The examples are endless. The threat and actions of oil and gas exploitation are real. And with covert actions led by Secretary of the Interior Gale Norton, many long-standing legal protections for wilderness are being removed. Every environmental organization I know is up to their elbows in lawsuits.

These are some of the reasons why I am primarily writing articles and op-ed pieces for newspapers. I want to register my dissent in the national conversation. I want my words to be entered in the public discourse. Newspapers are about the dailiness of our lives. They reach people in their homes around their kitchen tables and are taken out on the street within the dialogue of friends and colleagues. Articles are clipped and sent to family. Articles are emailed and shared around the country.

Books are a longer commitment. The reader sits down and opens a different mind, more thoughtful, perhaps more complicated in its renderings. I love the creative commitment that goes into a book. Each word, each sentence, each paragraph builds. A book carries the reader along slowly, caresses and cajoles. A piece in a newspaper is read on the move, enters the bloodstream quickly, a jolt of adrenaline, awareness. We learn something, we act—and within hours, it is discarded, used to wrap fish, laid on the floor as the training ground for new puppies.

I love the immediacy of newspapers.
 
You’ve spoken about the importance of “bearing witness” in writing. Is the work you’re doing now different in that sense from your “witness” in Refuge?

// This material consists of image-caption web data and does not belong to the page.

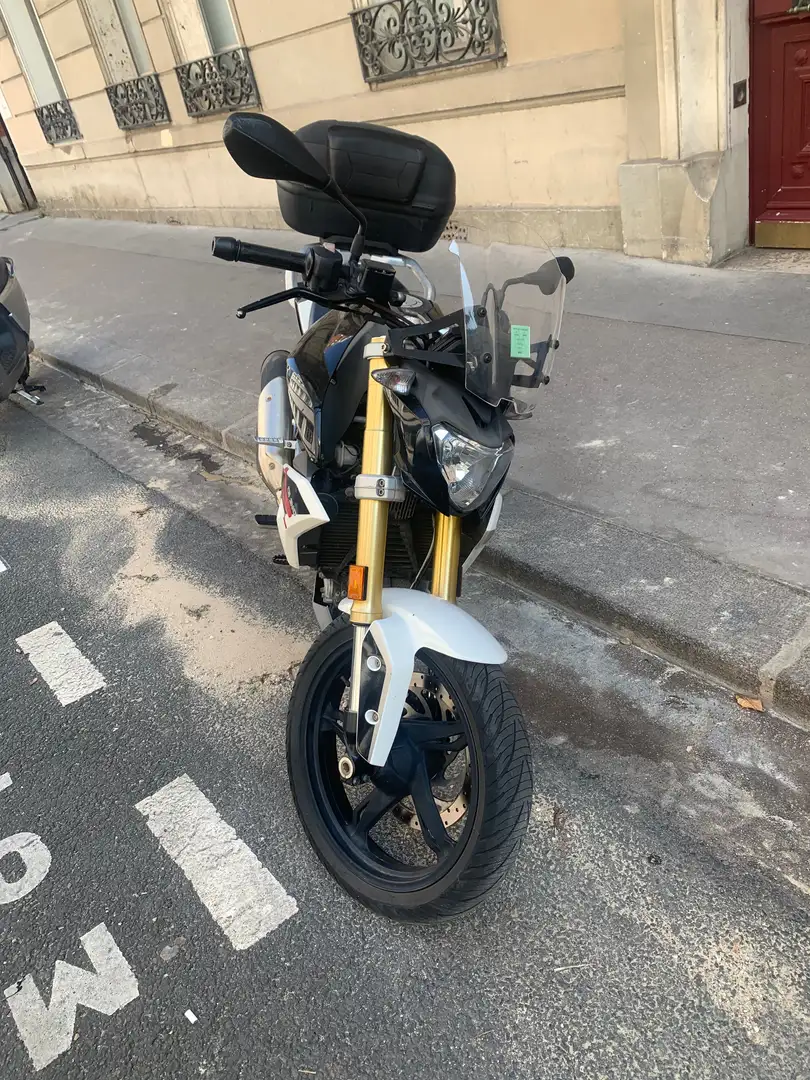 BMW G 310 R Noir - 1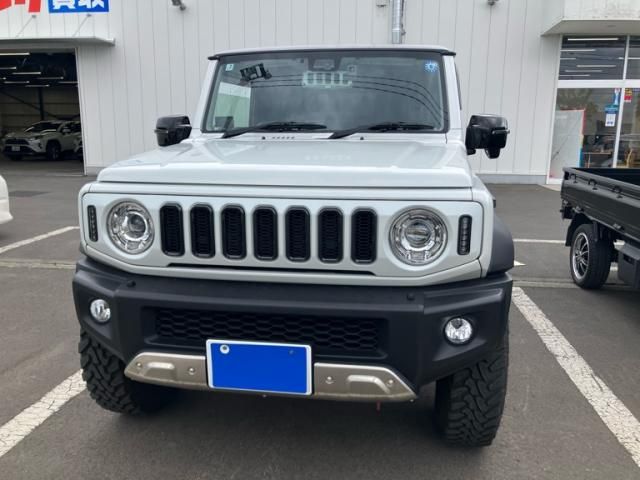 SUZUKI / JIMNY SIERRA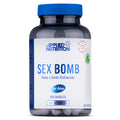 Applied Nutrition Sex Bomb para Él - Mezcla de L-Arginina y Maca - 120 Cápsulas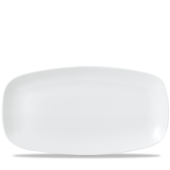 Churchill Vellum Chefs Oblong Plate 13.875X7.375 Ich (Pack of 6)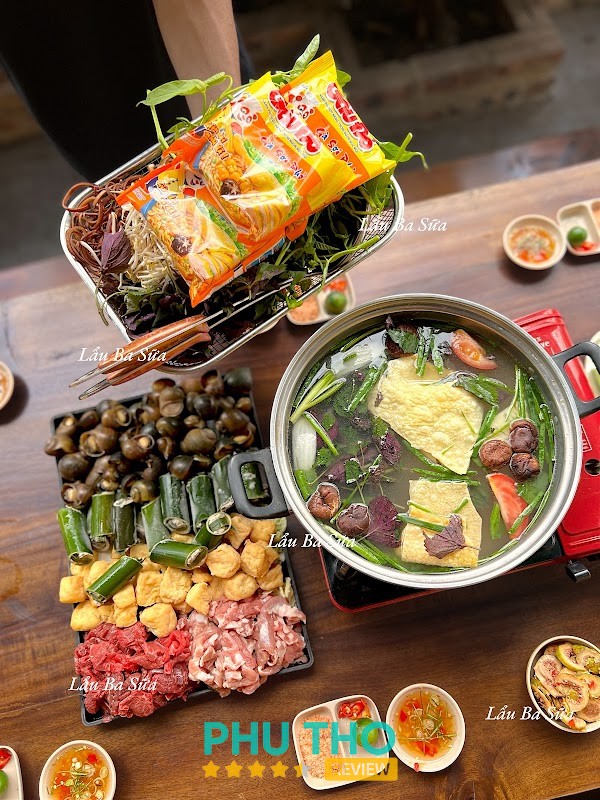 Ốc Ba Sữa – hình ảnh 3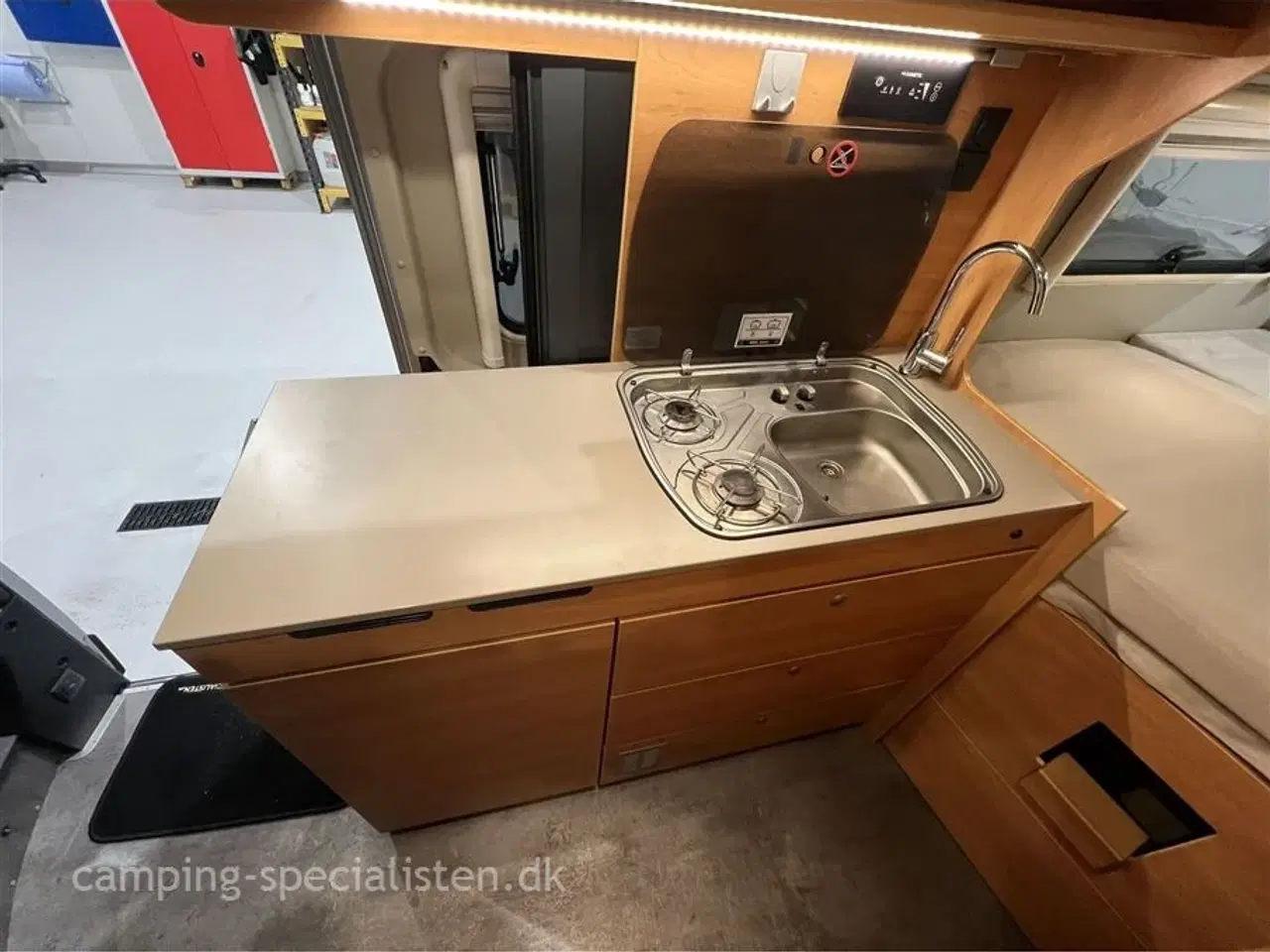 Billede 7 - 2022 - Pössl 2 Win Jumper S PLUS 2022 Pössl 2 Win 600 Jumper S Plus - se den nu hos Camping-Specialisten.dk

Bearing witness is its own form of advocacy. Writing is about how we see the world. Our words bear the power and capacity of our perceptions. In this sense, there is no difference between a work like Refuge, which is a sustained exploration on how we find refuge in change—and the story I told in The New York Times about watching three thumper trucks traverse the delicate wildlands of southern Utah just outside Arches National Park, tearing down every tree in their path, the Bush-Cheney energy plan in action. Both pieces of writing are about bearing witness. One is a literary exploration. The other is a political exposé. Yet, Refuge carries its own politics between the lines. And hopefully, the oped piece, “Chewing Up a Fragile Land,” carried its own literary images and metaphors in the simple telling of what I saw.

  Bruce Dworshak

Writing changes the way we see the world. And in the most powerful sense, writing can change how we feel about the world. This hinges on the language, intention and integrity of the writer.
 
Oped writing is not generally considered a particularly literary genre... and yet your newspaper essays contain more than a little poetry. How do you see that challenging writerly orthodoxies of voice, genre or structure affects the story (the “message,” the “content”) of the work?

I love the challenge of writing for newspapers. Like all writing, the task is to find the story we want to tell and do that in a way that will move the reader. In newspaper writing and op-ed pieces in particular, it is about time and space. You have very limited time to capture the reader’s mind, and you have a very small space in which to write. Therefore, every word counts. I bank on the power of imagery to create images that stand up to the ideas you are trying to convey.
 
You’ve said, “I always view writing as ritual.” What does that mean to you?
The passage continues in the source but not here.